A Matter of Style Chief designer Ian Cameron has done a fine job of differentiating and updating this handsome hardtop. Up front, the contemporary Rolls-Royce grille seems even more massive, perhaps because the Coupe's rectangular LED parking lights have been reduced in size and the circular headlamps have been enlarged to recall the proportions of old. The heavy A-pillars, high waistline and bluff corners would appear even more gigantic were it not for a sculpted reveal that arcs gently from front to rear, accented by the extended front door handle and kissed with an elegant swirl behind the front wheel opening that's reminiscent of a 1930s fender line.
The Coupe's enormous rear-hinged "suicide" doors produce a graceful, uninterrupted line at the A-pillar, aiding torsional rigidity and also adding immeasurably to this car's mystique. It does take a bit of practice to slither smoothly inside and maneuver around that big steering wheel. You discover the drill is to first sit gracefully, then swivel your legs around together through about 45 degrees in a fluid, regal arc.
More importantly, the wide, forward-facing coach doors facilitate an elegant egress, especially for a lady in a long dress. The doors can be closed via a pushbutton that's discreetly hidden in the front quarter light. The rear seat is fine for a short trip to the opera, but you wouldn't want to be there for hours.
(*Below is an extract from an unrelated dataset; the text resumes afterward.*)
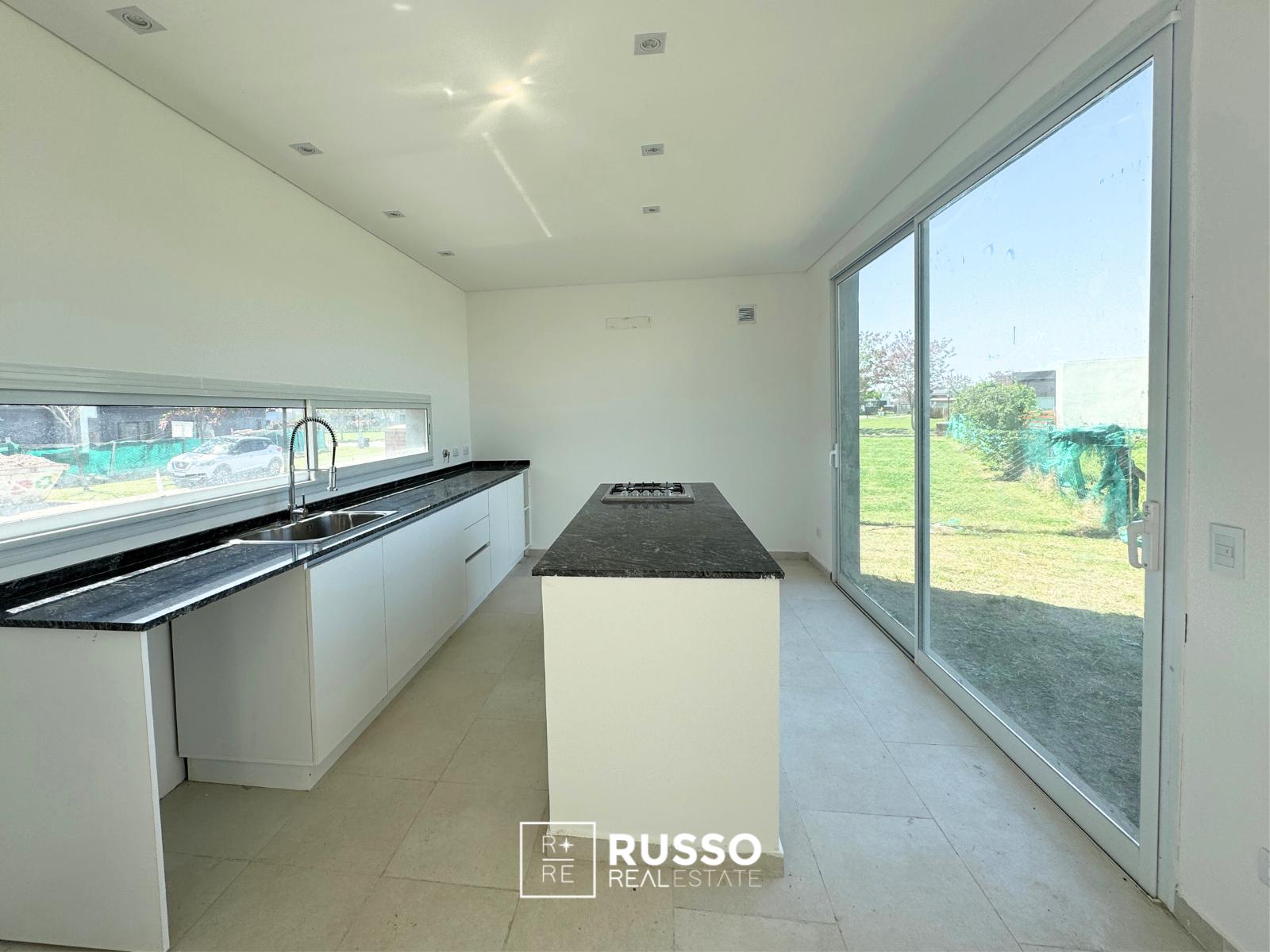 #5395603 | Venta | Casa | San Ramón (RUSSO REAL ESTATE)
Roadworthy The Phantom Coupe is surprisingly sporty for its size. Passing maneuvers on the old, tree-lined two-lane thoroughfares of Bonaparte's France are a snap. The Coupe scuttles around the vehicle in front of you and is back in line before you can mutter, "God save the Queen." The brakes are like the proverbial giant hand.
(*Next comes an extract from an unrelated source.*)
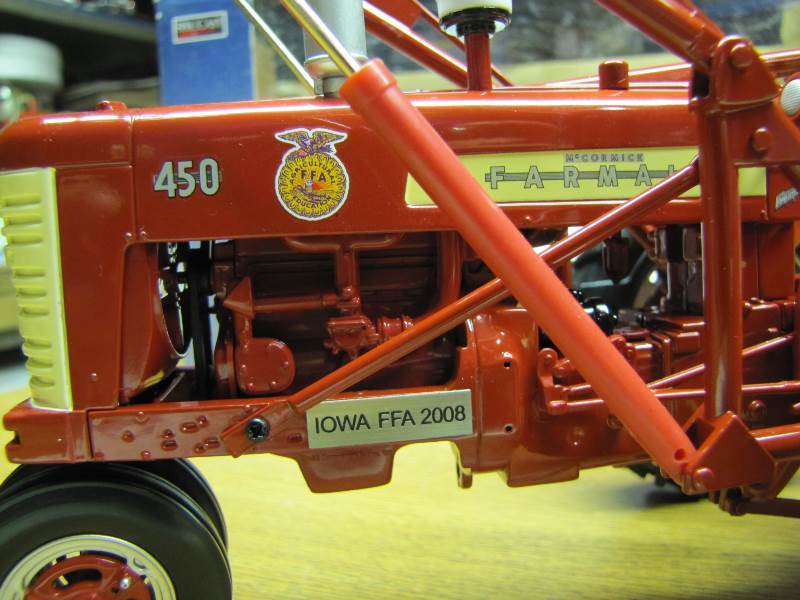 McCormick Farmall 450 FFA 2008 NIB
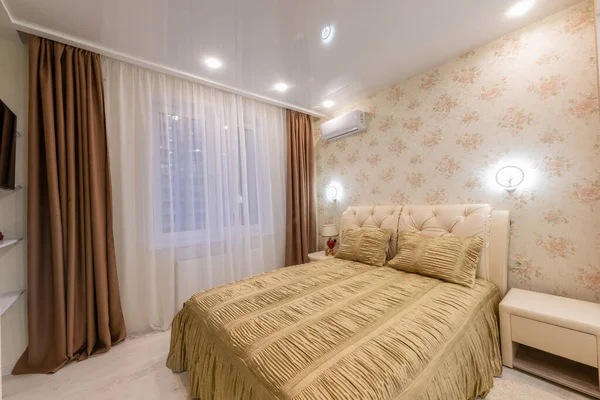 公寓里有一张床和其他家具的明亮房间 — 图库照片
Asked for more speed, the V12 revs quickly, and a hint of a powerful trill breaks its usual impassive silence. Hammer this car into a tight turn, and yes, you'll get some tire squeal and body roll, but the Coupe will grip the tarmac and carry on.
That said, it's not designed for tight twisties. A typical Coupe buyer owns a Ferrari or another exotic in his fleet for that purpose. Long sweepers, arrow-straight byways or the Alps? Bring 'em on. This car puts the "Grand" in Grand Touring. It's all about the journey, and when that's completed, it announces regally: "You have arrived."
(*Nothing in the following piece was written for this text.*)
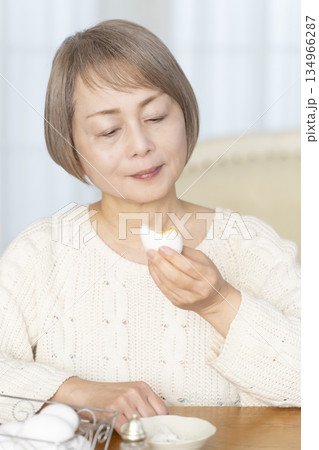 ゆで卵を食べるシニア女性 ゆで卵を食べるシニア女性 134966287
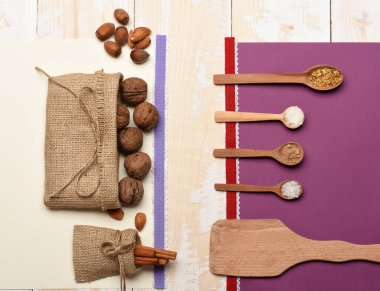 Baharat konsepti. Hafif ahşap doku arka planında sağlıklı malzemeler.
If You Have To Ask... Although the price of the 2009 Rolls-Royce Phantom Coupe has not yet been announced, it's thought to be in the vicinity of $400,000. That's a staggering sum for most people, but wealthy Rolls-Royce owners possess multiples of everything: stately homes, private clubs and cars of all types, so they are accustomed to what they perceive as being the best.
And when you buy this car, the whole process is all about selecting the best. You're getting hand-matched wood veneers, matched leather hides and cashmere blends selected by acknowledged experts. "Our leather actually breathes," coos Andrew Monahan in his leather shop. "It has particular warmth to it."
If you want to personalize your car with embroidery or marquetry, Rolls-Royce will do it cheerfully. No color choice is beyond consideration. "We make each car the way the customer wants," says Tom Purves, now CEO after years as BMW's chief executive in North America. Each car is polished for five hours and driven on the road for an hour before being cocooned for delivery.
Judging from stares and waves of passersby, there's nothing subtle about the 2009 Rolls-Royce Phantom Coupe. That's what you're paying for.
Edmunds attended a manufacturer-sponsored event, to which selected members of the press were invited, to facilitate this report.